The form may be a way of capturing the response of more readers.  Or I might ditch that form and compose another one for all my novels.  Here’s the link: https://goo.gl/forms/IJoDTVzRVZJdNKwm1.  If anyone has a view on the questions I’ve chosen to put on the form, I’d appreciated feedback.

At the same time I became involved in a LinkedIn book group discussion.  Someone asked how he could get reviews for the short story he’d just published on Amazon.  His request was not worded well.  He wrote, “We’re there any funny parts.”  I found myself eager to point out how the apostrophe altered his intended meaning.  Later, I worried that I’d been harsh on a newcomer.  I hope he can accept what I consider was constructive feedback.

 

A kind of Aladdin’s lamp

Much-travelled lamp, now hanging in the summerhouse

I put this photo of our oil lamp on Facebook with a description of its travels from the flea market, Monistiraki, in Athens to our home on Amorgos in the Cyclades in 1967.  As I wrote, the story gathered names and places until the story and the lamp ended up in our present-day summerhouse.  One day I may write the story of our married life, using the lamp’s travels as the framework.

 

Stiff upper lip – and no moustache

Every so often people write about the psychological damage caused by the British uppercrust boarding school system as it was experienced until fairly recently.  The writers are men, describing the experience of boys, often sent away at 7 or 8 to prep school before going on to one of the big name schools.  Years of physical and sexual abuse was the lot of many.  The most recent book of this genre to be in the news (Channel Four, 11.4.17) is Alex Renton’s “Stiff Upper Lip.”  It took him forty years before he was able to talk about his school life, at Ashdown prep school followed by Eton.  Jon Snow interviewed him, sitting on a bench in the grounds of Ashdown house – now transformed and reformed, I must add.  The writer pointed out the window of the headmaster’s study.  Watching, one could only shudder for the child that had been abused within those walls.

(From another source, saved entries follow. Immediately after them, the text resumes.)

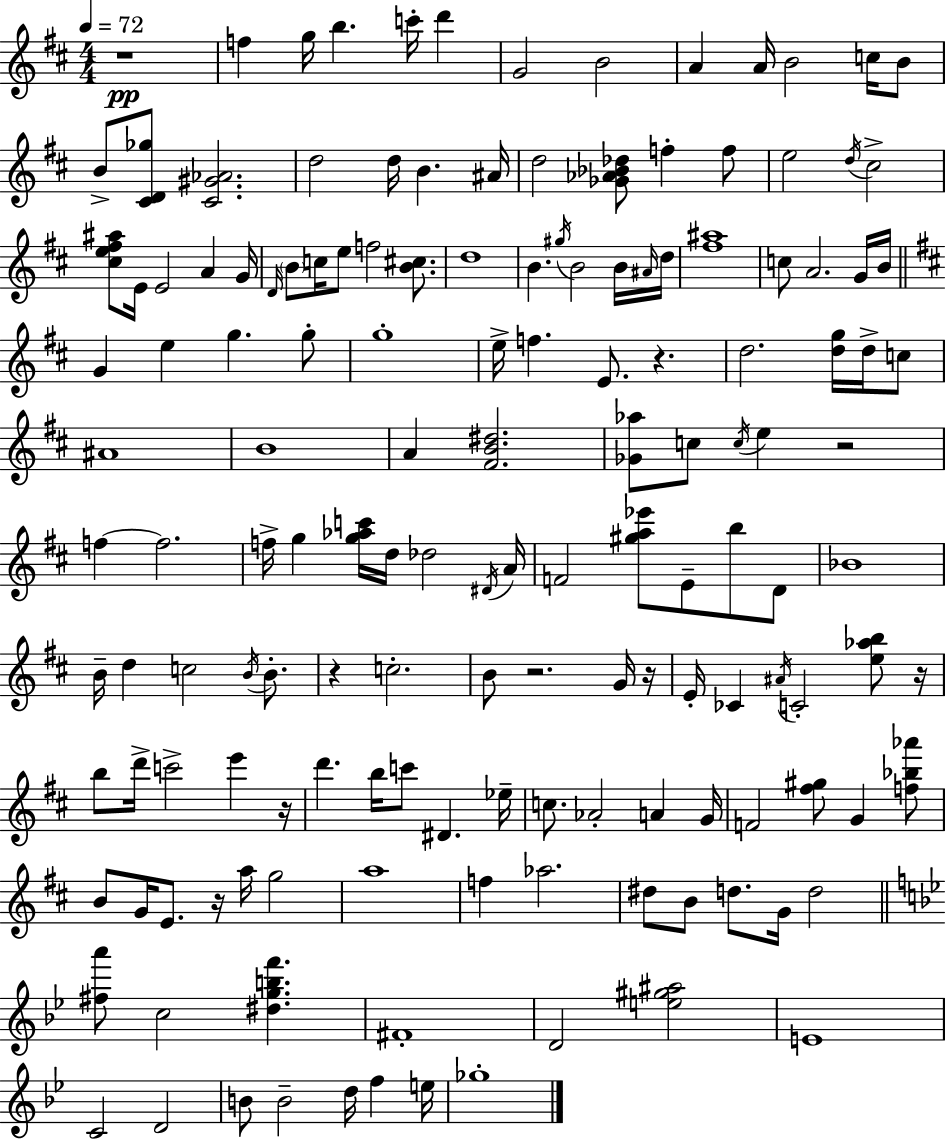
X:1
T:Untitled
M:4/4
L:1/4
K:D
z4 f g/4 b c'/4 d' G2 B2 A A/4 B2 c/4 B/2 B/2 [^CD_g]/2 [^C^G_A]2 d2 d/4 B ^A/4 d2 [_G_A_B_d]/2 f f/2 e2 d/4 ^c2 [^ce^f^a]/2 E/4 E2 A G/4 D/4 B/2 c/4 e/2 f2 [B^c]/2 d4 B ^g/4 B2 B/4 ^A/4 d/4 [^f^a]4 c/2 A2 G/4 B/4 G e g g/2 g4 e/4 f E/2 z d2 [dg]/4 d/4 c/2 ^A4 B4 A [^FB^d]2 [_G_a]/2 c/2 c/4 e z2 f f2 f/4 g [g_ac']/4 d/4 _d2 ^D/4 A/4 F2 [^ga_e']/2 E/2 b/2 D/2 _B4 B/4 d c2 B/4 B/2 z c2 B/2 z2 G/4 z/4 E/4 _C ^A/4 C2 [e_ab]/2 z/4 b/2 d'/4 c'2 e' z/4 d' b/4 c'/2 ^D _e/4 c/2 _A2 A G/4 F2 [^f^g]/2 G [f_b_a']/2 B/2 G/4 E/2 z/4 a/4 g2 a4 f _a2 ^d/2 B/2 d/2 G/4 d2 [^fa']/2 c2 [^dgbf'] ^F4 D2 [e^g^a]2 E4 C2 D2 B/2 B2 d/4 f e/4 _g4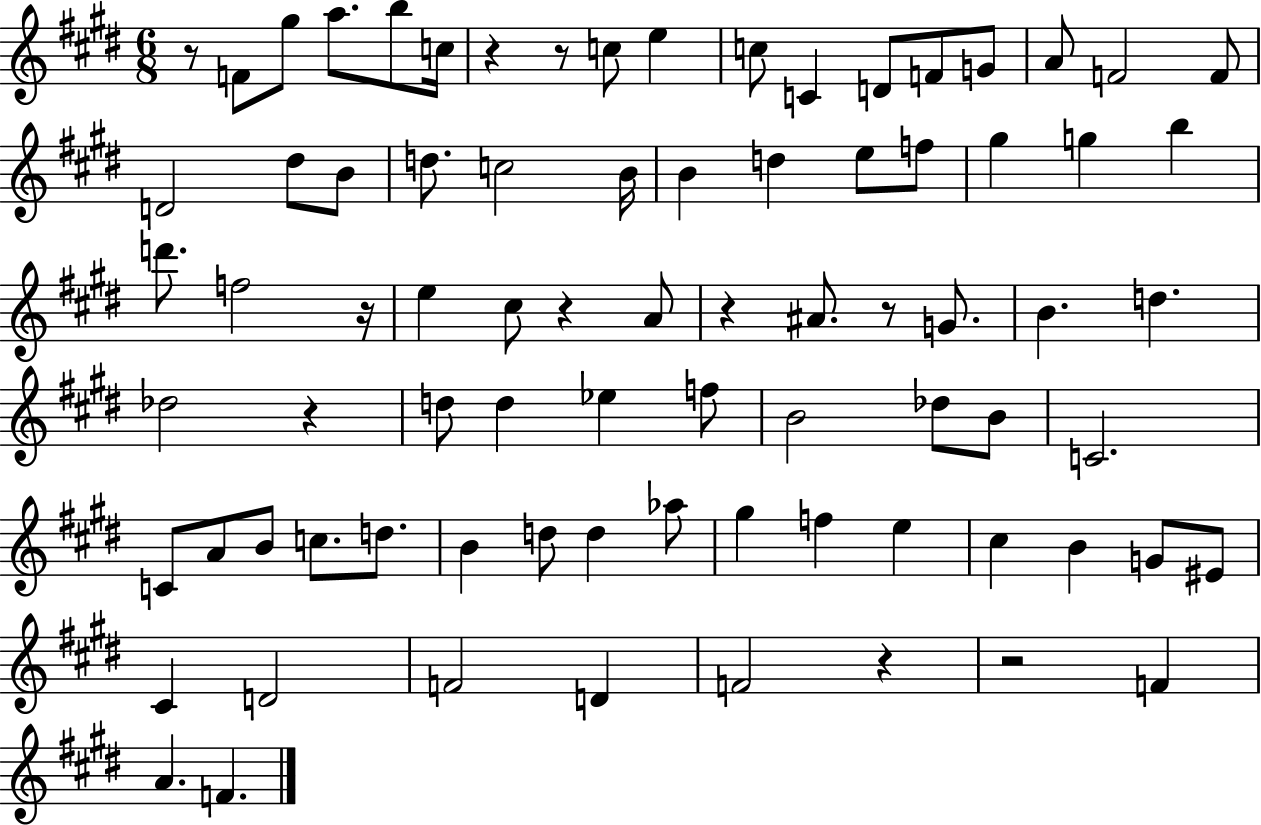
{
  \clef treble
  \numericTimeSignature
  \time 6/8
  \key e \major
  r8 f'8 gis''8 a''8. b''8 c''16 | r4 r8 c''8 e''4 | c''8 c'4 d'8 f'8 g'8 | a'8 f'2 f'8 | \break d'2 dis''8 b'8 | d''8. c''2 b'16 | b'4 d''4 e''8 f''8 | gis''4 g''4 b''4 | \break d'''8. f''2 r16 | e''4 cis''8 r4 a'8 | r4 ais'8. r8 g'8. | b'4. d''4. | \break des''2 r4 | d''8 d''4 ees''4 f''8 | b'2 des''8 b'8 | c'2. | \break c'8 a'8 b'8 c''8. d''8. | b'4 d''8 d''4 aes''8 | gis''4 f''4 e''4 | cis''4 b'4 g'8 eis'8 | \break cis'4 d'2 | f'2 d'4 | f'2 r4 | r2 f'4 | \break a'4. f'4. | \bar "|."
}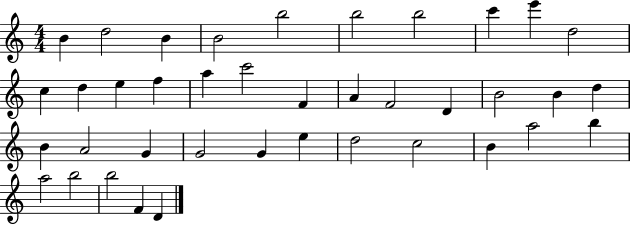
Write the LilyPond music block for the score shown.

{
  \clef treble
  \numericTimeSignature
  \time 4/4
  \key c \major
  b'4 d''2 b'4 | b'2 b''2 | b''2 b''2 | c'''4 e'''4 d''2 | \break c''4 d''4 e''4 f''4 | a''4 c'''2 f'4 | a'4 f'2 d'4 | b'2 b'4 d''4 | \break b'4 a'2 g'4 | g'2 g'4 e''4 | d''2 c''2 | b'4 a''2 b''4 | \break a''2 b''2 | b''2 f'4 d'4 | \bar "|."
}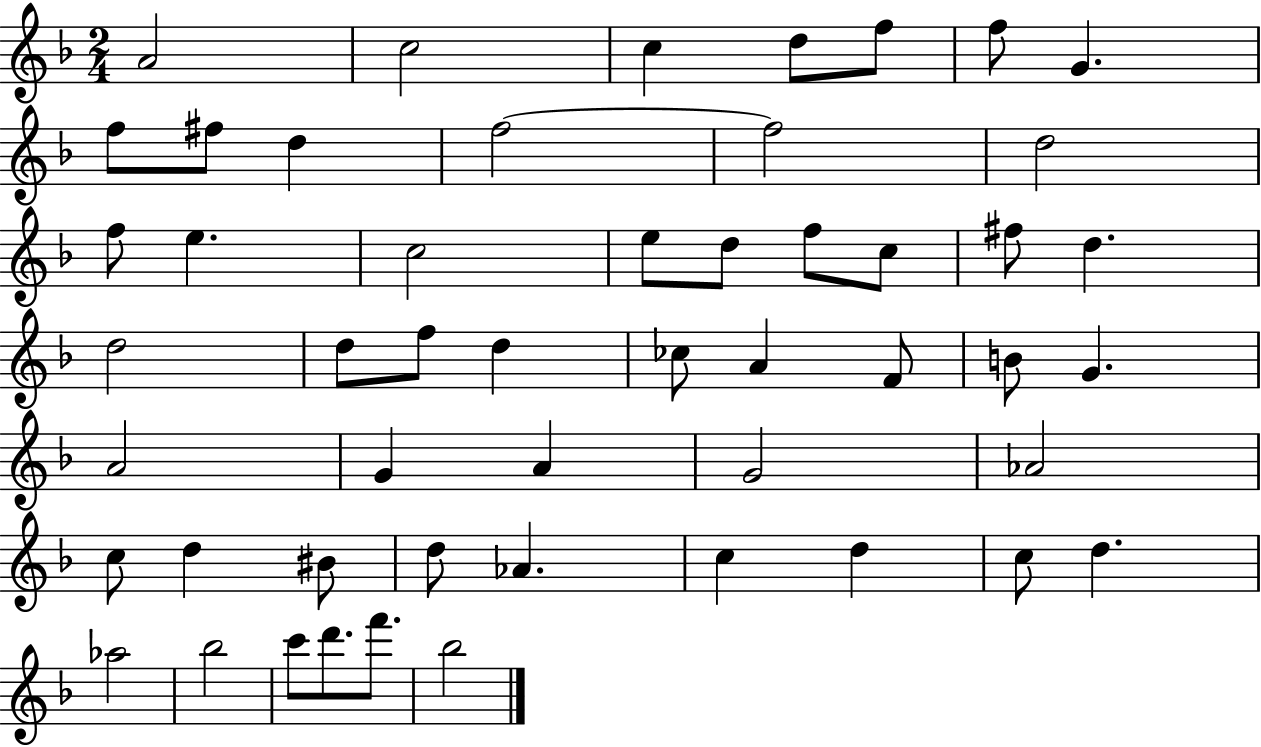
{
  \clef treble
  \numericTimeSignature
  \time 2/4
  \key f \major
  \repeat volta 2 { a'2 | c''2 | c''4 d''8 f''8 | f''8 g'4. | \break f''8 fis''8 d''4 | f''2~~ | f''2 | d''2 | \break f''8 e''4. | c''2 | e''8 d''8 f''8 c''8 | fis''8 d''4. | \break d''2 | d''8 f''8 d''4 | ces''8 a'4 f'8 | b'8 g'4. | \break a'2 | g'4 a'4 | g'2 | aes'2 | \break c''8 d''4 bis'8 | d''8 aes'4. | c''4 d''4 | c''8 d''4. | \break aes''2 | bes''2 | c'''8 d'''8. f'''8. | bes''2 | \break } \bar "|."
}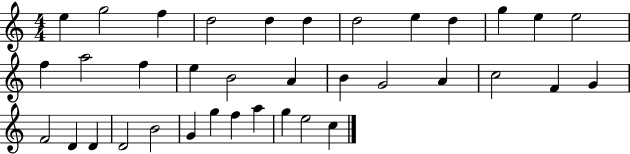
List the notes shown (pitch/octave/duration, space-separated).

E5/q G5/h F5/q D5/h D5/q D5/q D5/h E5/q D5/q G5/q E5/q E5/h F5/q A5/h F5/q E5/q B4/h A4/q B4/q G4/h A4/q C5/h F4/q G4/q F4/h D4/q D4/q D4/h B4/h G4/q G5/q F5/q A5/q G5/q E5/h C5/q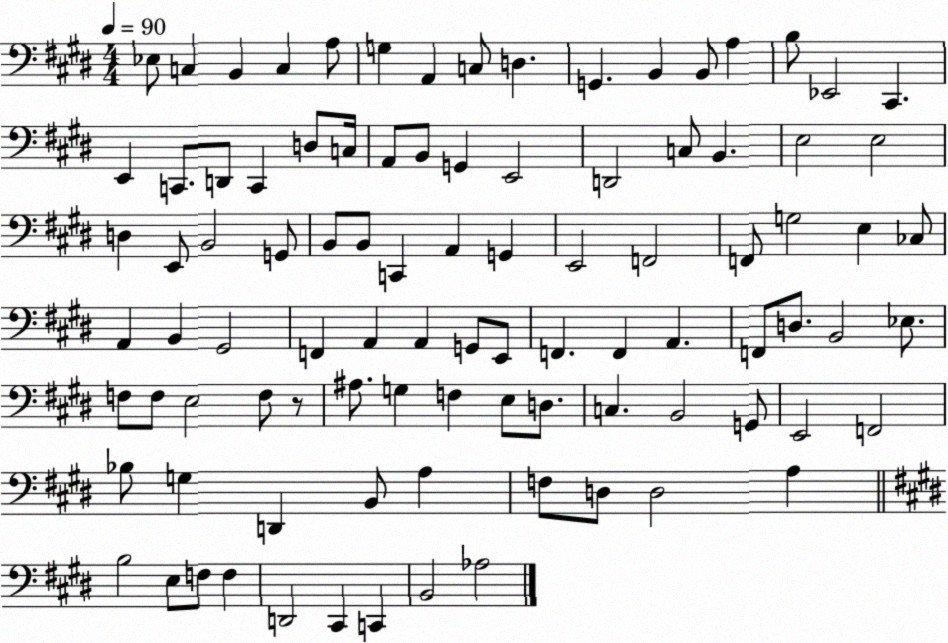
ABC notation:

X:1
T:Untitled
M:4/4
L:1/4
K:E
_E,/2 C, B,, C, A,/2 G, A,, C,/2 D, G,, B,, B,,/2 A, B,/2 _E,,2 ^C,, E,, C,,/2 D,,/2 C,, D,/2 C,/4 A,,/2 B,,/2 G,, E,,2 D,,2 C,/2 B,, E,2 E,2 D, E,,/2 B,,2 G,,/2 B,,/2 B,,/2 C,, A,, G,, E,,2 F,,2 F,,/2 G,2 E, _C,/2 A,, B,, ^G,,2 F,, A,, A,, G,,/2 E,,/2 F,, F,, A,, F,,/2 D,/2 B,,2 _E,/2 F,/2 F,/2 E,2 F,/2 z/2 ^A,/2 G, F, E,/2 D,/2 C, B,,2 G,,/2 E,,2 F,,2 _B,/2 G, D,, B,,/2 A, F,/2 D,/2 D,2 A, B,2 E,/2 F,/2 F, D,,2 ^C,, C,, B,,2 _A,2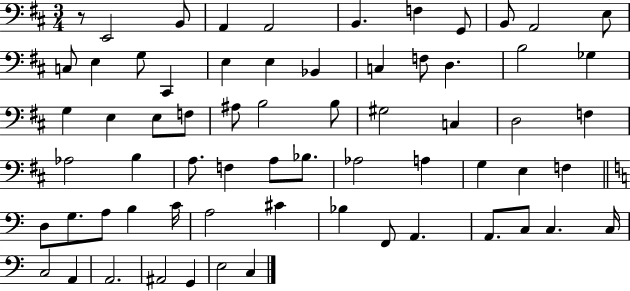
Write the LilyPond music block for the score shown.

{
  \clef bass
  \numericTimeSignature
  \time 3/4
  \key d \major
  r8 e,2 b,8 | a,4 a,2 | b,4. f4 g,8 | b,8 a,2 e8 | \break c8 e4 g8 cis,4 | e4 e4 bes,4 | c4 f8 d4. | b2 ges4 | \break g4 e4 e8 f8 | ais8 b2 b8 | gis2 c4 | d2 f4 | \break aes2 b4 | a8. f4 a8 bes8. | aes2 a4 | g4 e4 f4 | \break \bar "||" \break \key a \minor d8 g8. a8 b4 c'16 | a2 cis'4 | bes4 f,8 a,4. | a,8. c8 c4. c16 | \break c2 a,4 | a,2. | ais,2 g,4 | e2 c4 | \break \bar "|."
}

In the studio was a psychologist.  She talked of boarding school syndrome.  A child removed from its home and immediately taught not to cry or object to any treatment is likely to become an adult who internally harbours a bereaved child, whose needs have never been heard.    The child part may not be recognised in the adult, by the adult or those in relationship with them.   But it will make itself known in behaviour.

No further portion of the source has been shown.